The Light Through the Leaves Page 91
“I didn’t either.”
He took her in his arms. The creek murmured senselessly in its hurry. The wind rushed through the cedars. But she and Jackie held tight.
She tried lifting his mood as they walked home. She kissed him. She stuck weeds in his hair and made him laugh. When the house came into view, she yelled, “Beat you to the stairs,” a game they’d played at his house when they were little.
“No fair! I have the cooler,” he said as she sprinted ahead.
She was carrying two blankets. It was an even race.
She got to the back stairs first and ran in the house. “I won!”
“You had a head start,” he said breathlessly.
She tossed the blankets in the laundry room and took the cooler from him. She brought it into the kitchen, startled when a figure rose from a chair at the table. A white-haired, pale-skinned woman.
Not Mama returned from the spirit world.
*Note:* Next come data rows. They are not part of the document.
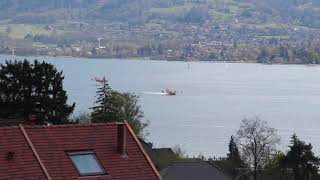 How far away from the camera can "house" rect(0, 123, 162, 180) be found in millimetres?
16125

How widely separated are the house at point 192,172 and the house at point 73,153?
17.9 meters

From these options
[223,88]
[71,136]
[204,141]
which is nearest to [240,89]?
[223,88]

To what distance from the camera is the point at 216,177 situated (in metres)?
35.9

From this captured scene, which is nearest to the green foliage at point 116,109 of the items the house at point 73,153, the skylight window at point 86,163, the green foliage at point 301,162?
the green foliage at point 301,162

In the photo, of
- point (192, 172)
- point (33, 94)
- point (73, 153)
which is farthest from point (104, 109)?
point (73, 153)

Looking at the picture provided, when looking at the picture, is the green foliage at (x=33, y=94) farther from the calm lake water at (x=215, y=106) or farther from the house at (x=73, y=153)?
the calm lake water at (x=215, y=106)

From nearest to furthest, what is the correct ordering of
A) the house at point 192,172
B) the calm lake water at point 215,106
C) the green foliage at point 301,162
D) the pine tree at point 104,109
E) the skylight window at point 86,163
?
the skylight window at point 86,163
the house at point 192,172
the green foliage at point 301,162
the pine tree at point 104,109
the calm lake water at point 215,106

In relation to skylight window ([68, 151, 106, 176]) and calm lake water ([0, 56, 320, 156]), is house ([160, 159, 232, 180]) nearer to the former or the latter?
skylight window ([68, 151, 106, 176])

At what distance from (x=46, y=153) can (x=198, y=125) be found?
7885 centimetres

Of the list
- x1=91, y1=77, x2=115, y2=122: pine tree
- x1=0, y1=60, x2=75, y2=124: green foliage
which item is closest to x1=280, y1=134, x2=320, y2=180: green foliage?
x1=0, y1=60, x2=75, y2=124: green foliage

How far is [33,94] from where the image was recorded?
135 ft

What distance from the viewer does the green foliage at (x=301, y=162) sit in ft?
145

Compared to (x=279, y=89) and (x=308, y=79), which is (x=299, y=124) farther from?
(x=308, y=79)

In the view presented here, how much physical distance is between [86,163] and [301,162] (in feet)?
96.8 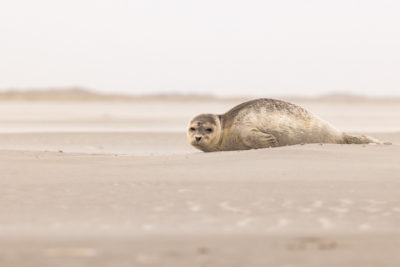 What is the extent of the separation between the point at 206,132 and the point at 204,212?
6.02 meters

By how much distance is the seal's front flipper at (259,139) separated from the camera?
1111cm

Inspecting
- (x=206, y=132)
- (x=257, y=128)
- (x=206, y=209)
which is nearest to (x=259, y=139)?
(x=257, y=128)

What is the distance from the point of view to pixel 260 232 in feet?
15.2

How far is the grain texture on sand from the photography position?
4004mm

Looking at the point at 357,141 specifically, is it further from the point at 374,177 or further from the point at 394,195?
the point at 394,195

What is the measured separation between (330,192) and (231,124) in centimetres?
528

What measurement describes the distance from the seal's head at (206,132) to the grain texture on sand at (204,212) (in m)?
2.29

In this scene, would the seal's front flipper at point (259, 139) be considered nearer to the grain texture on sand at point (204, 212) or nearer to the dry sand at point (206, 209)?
the dry sand at point (206, 209)

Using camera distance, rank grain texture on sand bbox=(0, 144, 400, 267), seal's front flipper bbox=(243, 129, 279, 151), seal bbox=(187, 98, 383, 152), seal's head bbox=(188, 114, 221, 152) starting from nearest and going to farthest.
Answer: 1. grain texture on sand bbox=(0, 144, 400, 267)
2. seal's front flipper bbox=(243, 129, 279, 151)
3. seal bbox=(187, 98, 383, 152)
4. seal's head bbox=(188, 114, 221, 152)

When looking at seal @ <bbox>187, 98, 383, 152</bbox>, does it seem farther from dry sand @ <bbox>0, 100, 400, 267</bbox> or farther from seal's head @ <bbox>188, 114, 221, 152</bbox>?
dry sand @ <bbox>0, 100, 400, 267</bbox>

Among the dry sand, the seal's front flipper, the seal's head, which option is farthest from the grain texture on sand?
the seal's head

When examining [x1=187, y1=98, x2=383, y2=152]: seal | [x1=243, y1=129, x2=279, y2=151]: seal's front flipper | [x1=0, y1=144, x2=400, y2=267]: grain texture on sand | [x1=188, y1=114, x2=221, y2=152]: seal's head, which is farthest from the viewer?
[x1=188, y1=114, x2=221, y2=152]: seal's head

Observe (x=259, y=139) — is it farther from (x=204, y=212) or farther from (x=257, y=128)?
(x=204, y=212)

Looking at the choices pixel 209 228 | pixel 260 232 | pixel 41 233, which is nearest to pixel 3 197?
pixel 41 233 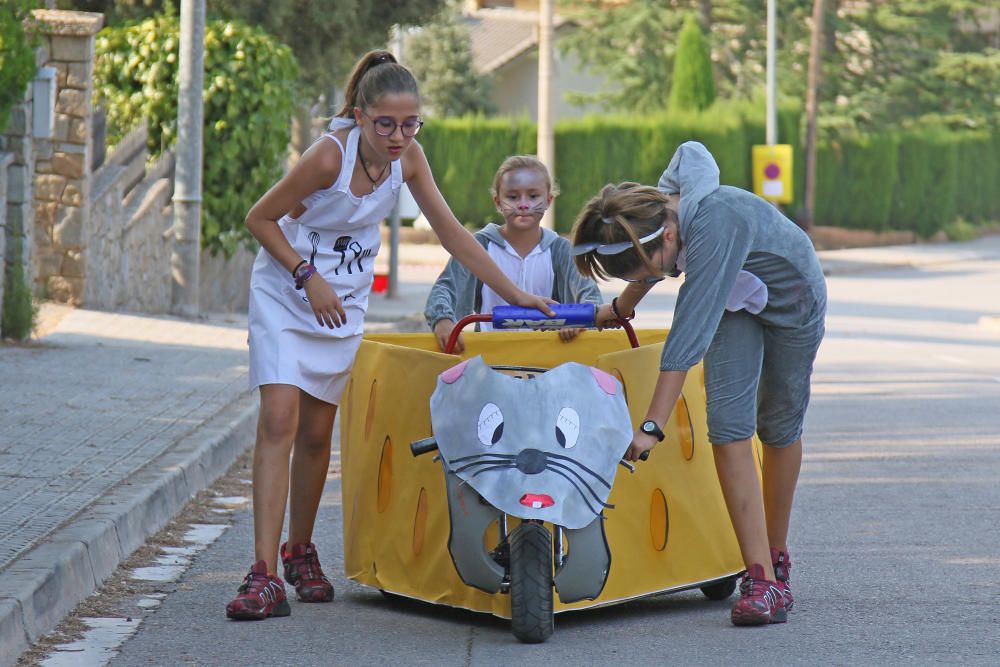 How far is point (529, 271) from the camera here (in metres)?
6.56

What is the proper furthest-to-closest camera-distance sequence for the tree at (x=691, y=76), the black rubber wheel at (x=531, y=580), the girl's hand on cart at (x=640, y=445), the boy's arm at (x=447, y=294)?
the tree at (x=691, y=76)
the boy's arm at (x=447, y=294)
the girl's hand on cart at (x=640, y=445)
the black rubber wheel at (x=531, y=580)

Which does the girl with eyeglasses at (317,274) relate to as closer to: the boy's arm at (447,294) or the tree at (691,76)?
the boy's arm at (447,294)

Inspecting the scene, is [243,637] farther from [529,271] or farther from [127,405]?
[127,405]

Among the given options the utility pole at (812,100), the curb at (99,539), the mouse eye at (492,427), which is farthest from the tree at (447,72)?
the mouse eye at (492,427)

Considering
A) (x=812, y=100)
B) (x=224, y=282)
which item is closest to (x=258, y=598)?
(x=224, y=282)

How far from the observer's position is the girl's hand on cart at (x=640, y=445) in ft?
16.6

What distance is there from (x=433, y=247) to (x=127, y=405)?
91.4 ft

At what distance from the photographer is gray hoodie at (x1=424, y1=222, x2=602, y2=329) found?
21.0 ft

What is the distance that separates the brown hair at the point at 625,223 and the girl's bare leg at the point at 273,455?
3.63 ft

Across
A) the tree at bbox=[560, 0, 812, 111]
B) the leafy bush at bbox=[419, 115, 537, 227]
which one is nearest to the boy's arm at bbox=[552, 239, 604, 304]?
the leafy bush at bbox=[419, 115, 537, 227]

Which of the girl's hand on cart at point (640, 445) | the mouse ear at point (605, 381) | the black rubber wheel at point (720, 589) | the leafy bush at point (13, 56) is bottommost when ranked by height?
the black rubber wheel at point (720, 589)

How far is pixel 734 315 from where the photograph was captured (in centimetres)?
542

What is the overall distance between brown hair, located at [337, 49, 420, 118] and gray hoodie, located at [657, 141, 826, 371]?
89cm

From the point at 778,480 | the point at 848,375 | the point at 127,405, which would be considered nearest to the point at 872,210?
the point at 848,375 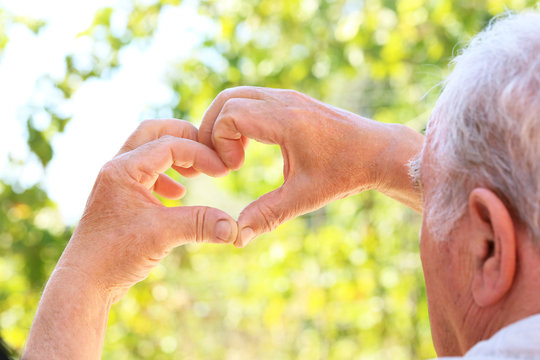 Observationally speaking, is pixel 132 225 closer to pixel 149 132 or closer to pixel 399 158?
pixel 149 132

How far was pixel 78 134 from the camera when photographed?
272cm

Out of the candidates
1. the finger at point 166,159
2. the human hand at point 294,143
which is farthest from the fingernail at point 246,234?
the finger at point 166,159

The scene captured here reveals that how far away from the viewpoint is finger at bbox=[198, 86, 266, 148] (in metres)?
1.19

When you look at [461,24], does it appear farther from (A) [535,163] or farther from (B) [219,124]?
(A) [535,163]

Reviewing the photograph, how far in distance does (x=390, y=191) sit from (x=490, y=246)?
0.52 m

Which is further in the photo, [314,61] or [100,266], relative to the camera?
[314,61]

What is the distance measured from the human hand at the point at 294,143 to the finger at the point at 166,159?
0.09 ft

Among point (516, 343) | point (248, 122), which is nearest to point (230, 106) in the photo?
point (248, 122)

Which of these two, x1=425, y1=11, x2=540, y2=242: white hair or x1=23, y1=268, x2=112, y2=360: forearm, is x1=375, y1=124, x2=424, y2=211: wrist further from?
x1=23, y1=268, x2=112, y2=360: forearm

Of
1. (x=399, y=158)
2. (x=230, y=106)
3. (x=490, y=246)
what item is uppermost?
(x=230, y=106)

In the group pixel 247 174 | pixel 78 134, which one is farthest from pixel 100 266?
pixel 247 174

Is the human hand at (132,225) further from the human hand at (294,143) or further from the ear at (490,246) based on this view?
the ear at (490,246)

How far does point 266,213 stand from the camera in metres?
1.14

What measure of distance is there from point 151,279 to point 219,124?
1930 millimetres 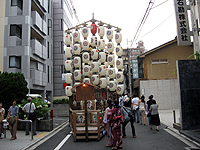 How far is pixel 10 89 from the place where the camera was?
13.4m

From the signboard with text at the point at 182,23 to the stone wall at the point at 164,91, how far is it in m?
13.8

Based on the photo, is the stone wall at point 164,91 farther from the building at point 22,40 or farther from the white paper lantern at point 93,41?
the building at point 22,40

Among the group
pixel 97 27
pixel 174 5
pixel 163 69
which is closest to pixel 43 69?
pixel 97 27

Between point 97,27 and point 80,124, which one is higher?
point 97,27

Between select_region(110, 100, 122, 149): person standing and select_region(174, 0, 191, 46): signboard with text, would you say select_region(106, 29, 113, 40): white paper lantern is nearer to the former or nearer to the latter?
select_region(174, 0, 191, 46): signboard with text

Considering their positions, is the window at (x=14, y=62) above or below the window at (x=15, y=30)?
below

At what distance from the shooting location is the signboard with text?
1163cm

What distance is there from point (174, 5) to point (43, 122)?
35.9 feet

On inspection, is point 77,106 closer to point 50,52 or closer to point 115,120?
point 115,120

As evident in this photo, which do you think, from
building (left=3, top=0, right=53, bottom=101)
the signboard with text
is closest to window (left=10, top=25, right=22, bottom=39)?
building (left=3, top=0, right=53, bottom=101)

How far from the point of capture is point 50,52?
2852cm

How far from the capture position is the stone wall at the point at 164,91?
24.4 m

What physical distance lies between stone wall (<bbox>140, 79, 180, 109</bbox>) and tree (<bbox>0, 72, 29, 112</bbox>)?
15.8 meters

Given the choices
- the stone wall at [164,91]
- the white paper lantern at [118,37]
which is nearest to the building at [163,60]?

It was Aunt Sondra.
“Raven . . . ,” her aunt said. “I was worried. I found the gate open and the house unlocked.”
Raven had been too preoccupied with Jackie to lock up.
Aunt Sondra walked toward Jackie with her hand extended. “I’m Sondra Lind Young, Raven’s aunt.”
“Jack Danner,” he said nervously as he shook her hand.
“Nice to meet you, Jack,” she said.
Jackie believed Raven’s mother was with her aunt in Chicago getting medical treatment. Sondra’s appearance without her mother could signal only one outcome to him, confirmed by his expression of sorrow.
Her aunt said, “We need to talk, Raven.”
Jackie looked at Raven. “Do you want me to leave?”
“You probably should,” Aunt Sondra said.
You probably should. That meant bad news. Her aunt was holding a large manila envelope. It was addressed to her aunt in Mama’s handwriting.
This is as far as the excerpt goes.